Support category results
- WRC-2 winner: Sami Pajari Enni Mälkönen Printsport 2:40:58.3
- WRC-3 winner: Diego Dominguez Jr. Rogelio Peñate 2:53:28.9

= 2024 Rally Poland =

80th edition of Rally Poland

The 2024 Rally Poland (also known as the ORLEN 80th Rally Poland 2024) was a motor racing event for rally cars that was held over four days from 27 to 30 June 2024. It marked the eightieth running of the Rally Poland, and was the seventh round of the 2024 World Rally Championship, World Rally Championship-2 and World Rally Championship-3. The 2024 event was based in Mikołajki in Warmian–Masurian Voivodeship, and was contested over nineteen special stages, covering a total competitive distance of 304.10 km.

Thierry Neuville and Nicolas Gilsoul were the defending rally winners, their team, Hyundai Shell Mobis WRT, were the defending manufacturer's winners, both of them in the WRC class.

Kalle Rovanperä and Jonne Halttunen won the rally, and their team, Toyota Gazoo Racing WRT, won the manufacturer's titles. Sami Pajari and Enni Mälkönen won the World Rally Championship-2 category. Diego Dominguez Jr. and Rogelio Peñate won the World Rally Championship-3 category.

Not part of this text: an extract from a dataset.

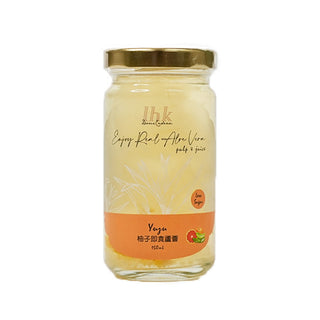 【滿100樽以上送Tailor-made吊牌】鮮製即食日本柚子蘆薈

After breaking the Mikolajki Arena stage record, the crew of Tänak and Järveoja was forced to retire on the second stage when they crashed onto a deer at 189 km/h. Being first on the road, they still managed to win Super Sunday.

==Background==
===Entry list===
The following crews entered into the rally. The event was opened to crews competing in the World Rally Championship, its support categories, the World Rally Championship-2, World Rally Championship-3 and privateer entries that were not registered to score points in any championship. Nine entered under Rally1 regulations, as were twenty-three Rally2 crews in the World Rally Championship-2 and ten Rally3 crew in the World Rally Championship-3.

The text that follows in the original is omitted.